Consider this interaction where a couple is already in the heat of an intense argument:
Mike was approached by his brother, Danny, about a financial loan. Mike’s wife, Rose, was firmly opposed to the loan because they had given Danny money on five separate occasions and Danny had no way of repaying them, as he had recently lost his job.
“Danny asked me for a small allowance just to get him through the week,” said Mike, tentatively opening the conversation.
“No way!” replied Rose, turning her attention from the dinner she was preparing. “We’re barely covering our own bills this month. We can’t afford to pay his bills too. I won’t allow it!”

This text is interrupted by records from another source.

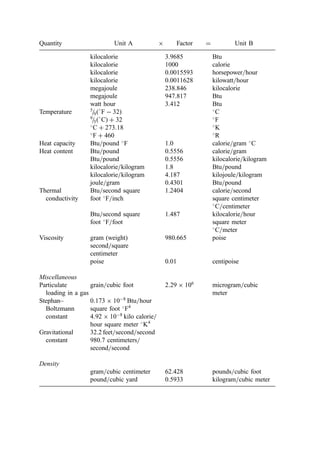 COMBUSTION_AND_INCINERATION_PROCESSES.pdf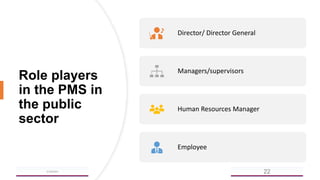 Role players
in the PMS in
the public
sector
5/18/2023 22
Director/ Director General
Managers/supervisors
Human Resources Manager
Employee
 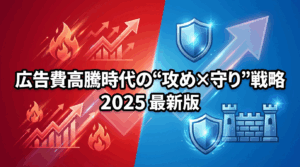 Strategy 2025 in the era of rising advertising costs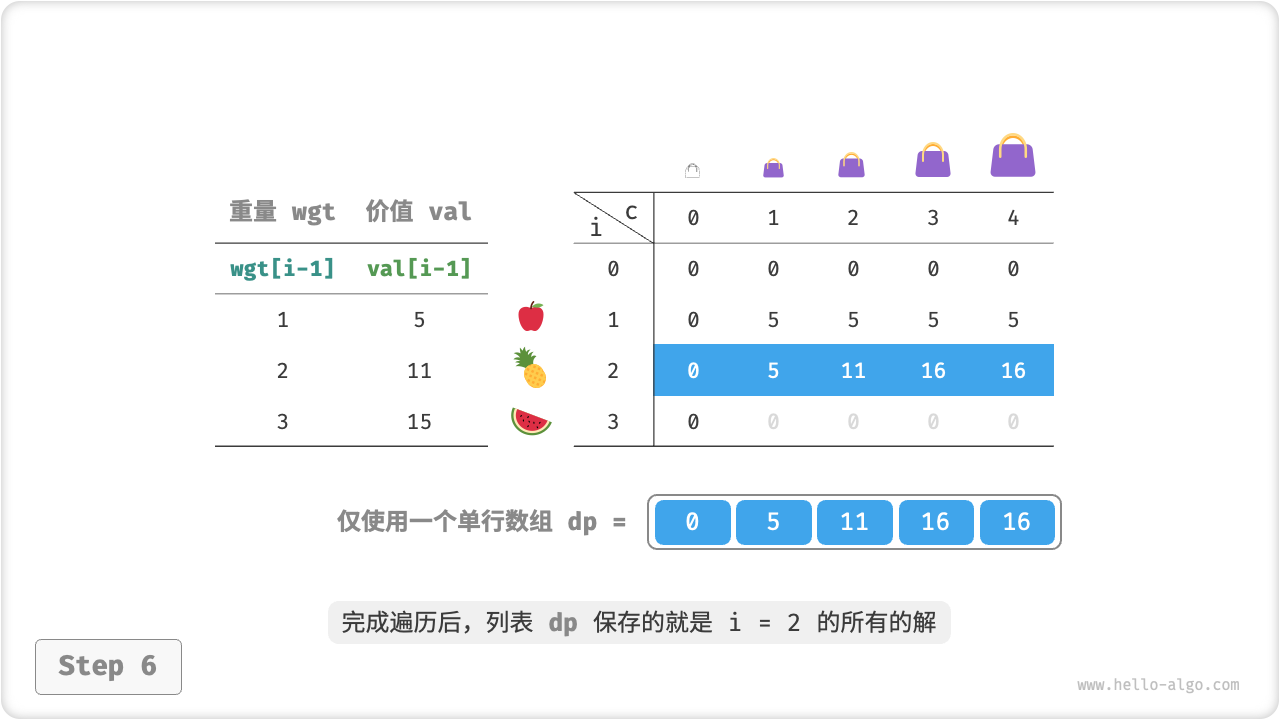 knapsack_dp_comp_step6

Mike was irritated. “You won’t allow it? Why do you get to make the decision? I make more money, so I should decide if we make the loan or not.”

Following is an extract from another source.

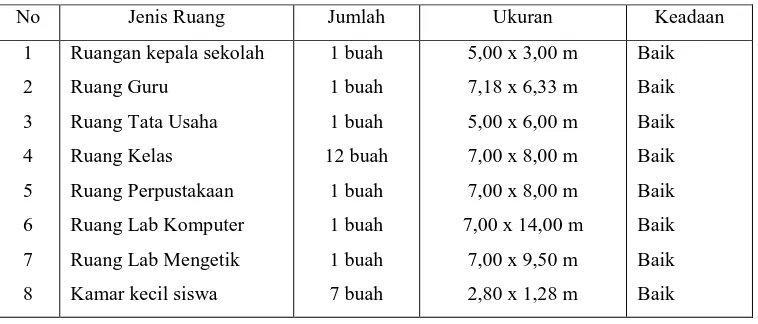 Tabel 3 : Tabel Daftar Ruangan di SMK Kanisius Surakarta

“Really? What about my contribution? Doesn’t that count? You think you can do whatever you want because you bring home more money! You may act like a big shot, but it’s not going to happen!” Rose slammed down the cup she was holding and turned away, ending the discussion.
At this point there is no chance of the couple communicating effectively. Both are on the defensive; their negative emotions have been triggered. It would be nearly impossible for them to detach from the heat of the moment and make a U-turn. Humans simply aren’t wired that way. They are in fight or flight mode.

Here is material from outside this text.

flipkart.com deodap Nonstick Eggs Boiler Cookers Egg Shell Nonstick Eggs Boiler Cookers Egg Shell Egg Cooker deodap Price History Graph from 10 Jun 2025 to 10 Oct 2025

In this situation, there is no prospect for a better outcome. Each time they visit this tense subject both Mike and Rose will become hostile, because each feels that their point of view is ignored by the other. How can they change the course of their interactions to avoid the same result every time the subject arises? How can they recover this missed opportunity?
One of the first things to consider is timing. It is extremely important to choose the right moment. In this case, Mike did not choose a good moment. It was the end of the work day, everyone was tired, and Rose was distracted with preparing dinner. It would have been better for Mike to postpone the discussion until after dinner. By then, they would have had the chance to relax a bit and unwind. Rose would be able to give her full attention to the discussion instead of being annoyed by Mike’s interruption.
It may seem obvious, but sometimes we react in very primitive ways as a result of our emotional state. If Rose had a rough day at the office, Mike could have innocently asked, “How was your day?” and Rose may have exploded with, “Why do you want to know? Is there something wrong with me?” Rose is reacting to events that Mike knows nothing about. Now Mike is offended by her response to his harmless question. Instead of reacting in kind, it would be wise of Mike to show some sensitivity, and invite Rose to talk about her day. Once she unloads the stress she will be much more relaxed, and much less likely to react with hostility when Mike wants to talk about Danny.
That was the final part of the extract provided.